The BMS small-molecule inhibitors tended to interact with one PD-L1 monomer first and further formed dimer with the other monomer for an advantage of stability. The results of binding free energy and water occupancy calculation revealed the key stability factors for ligand-induced PD-L1 dimers including the hydrophobic contribution of Ile54, Tyr56, Met115, Ala121, and Tyr123 on both monomers and the water bridges involved in _ALys124. The unbinding pathway prediction also indicated that the tunnel formed by PD-L1 dimers tended to be stable upon the getting away of BMS-inhibitors.
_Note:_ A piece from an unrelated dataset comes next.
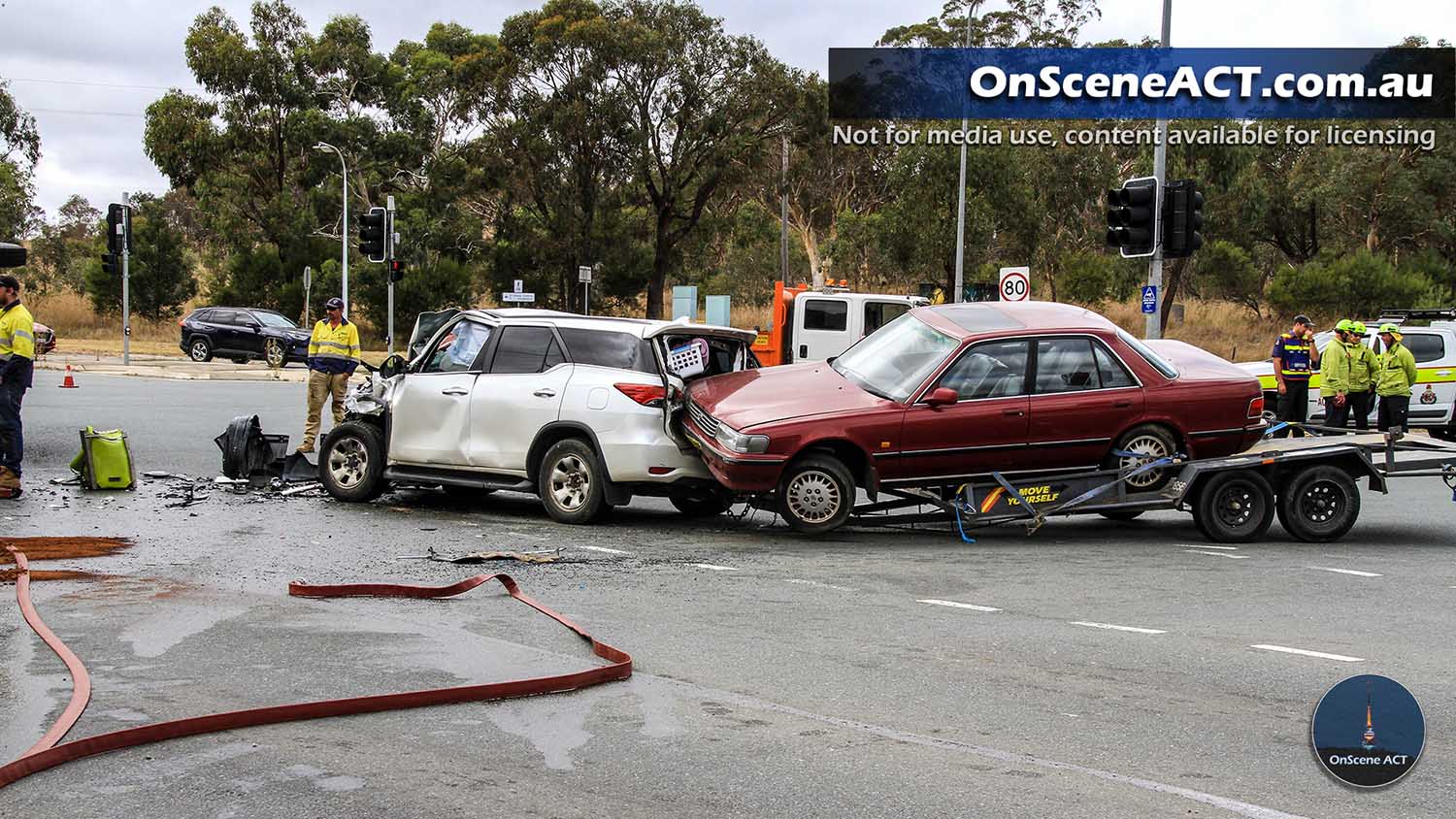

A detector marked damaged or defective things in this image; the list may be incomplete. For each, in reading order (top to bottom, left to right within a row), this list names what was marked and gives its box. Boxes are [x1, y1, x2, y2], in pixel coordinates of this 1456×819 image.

The R-group QSAR model suggested that the substituents at R2, R4, R6, and R7 had a significant effect on the inhibition activities of BMS inhibitors. The structural modification with these substituent positions tended to be an effective way to improve the inhibition activities of BMS inhibitors. Taken together, this study would provide a comprehensive view of the inhibition mechanism for BMS small-molecule inhibitors and guide the further development of more potential small-molecule inhibitors targeting PD-L1.
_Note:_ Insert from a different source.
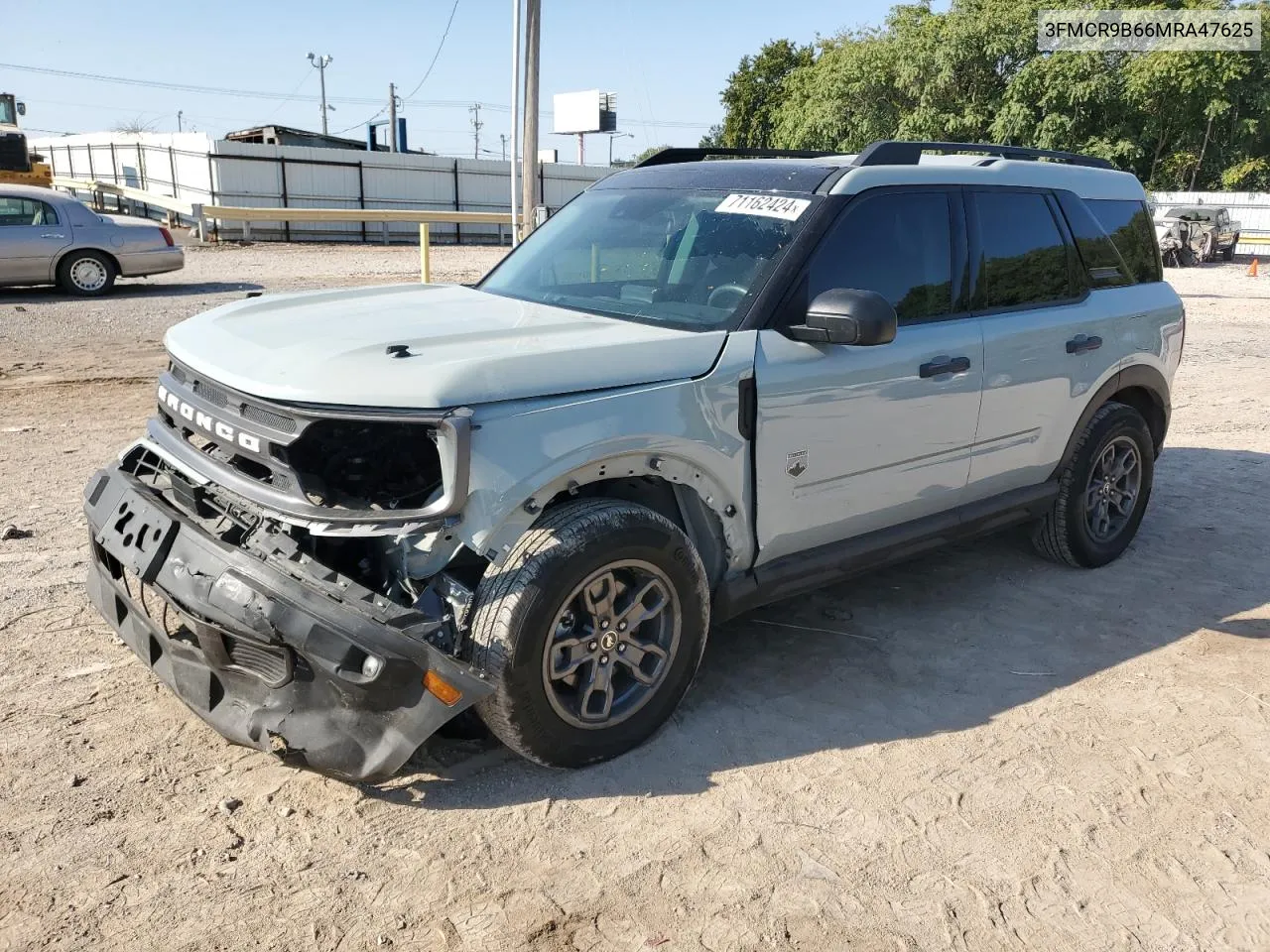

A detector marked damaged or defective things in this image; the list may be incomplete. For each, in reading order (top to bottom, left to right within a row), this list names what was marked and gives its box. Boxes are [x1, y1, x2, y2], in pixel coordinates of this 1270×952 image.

Data Availability Statement

The raw data supporting the conclusions of this manuscript will be made available by the authors, without undue reservation, to any qualified researcher.

Author Contributions

DS, HL, and XY designed the research. DS and XY were responsible for the writing and revising of the manuscript. XA, QB, SZ, and ZB were responsible the main data analysis in the manuscript.

Funding

This work was supported by the National Natural Science Foundation of China (Grant Nos. 21475054 and 2175060).

Conflict of Interest

The authors declare that the research was conducted in the absence of any commercial or financial relationships that could be construed as a potential conflict of interest.

Supplementary Material

The Supplementary Material for this article can be found online at: https://www.frontiersin.org/articles/10.3389/fchem.2019.00764/full#supplementary-material

Figure S1. The interactions diagrams between the monomer conformation A of PD-L1 (the initial crystal structure and three respective dynamics structures) and BMS-8 in the monomer system of replica 2.

Figure S2. The interaction diagrams between the monomer conformation B of PD-L1 (the initial crystal structure and three respective dynamics structures) and BMS-8 in the monomer system of replica 2.

Figure S3. The interaction diagrams between the monomer conformation A of PD-L1 (the initial crystal structure and three respective dynamics structures) and BMS-1166 in the monomer system of replica 2.

Figure S4. The interaction diagrams between the monomer conformation B of PD-L1 (the initial crystal structure and three respective dynamics structures) and BMS-1166 in the monomer system of replica 2.

Figure S5. The linear correlation between experimental pIC50 and the absolute values of the docking scores.

Figure S6. The distance and residue contribution analysis of the binding poses of eight representative small-molecule inhibitors. (A) The respective and average distance between the small-molecule inhibitor and the residues on PD-L1 dimer. (B) The respective energy contribution of residues on PD-L1 dimer when interacting with the small-molecule inhibitor.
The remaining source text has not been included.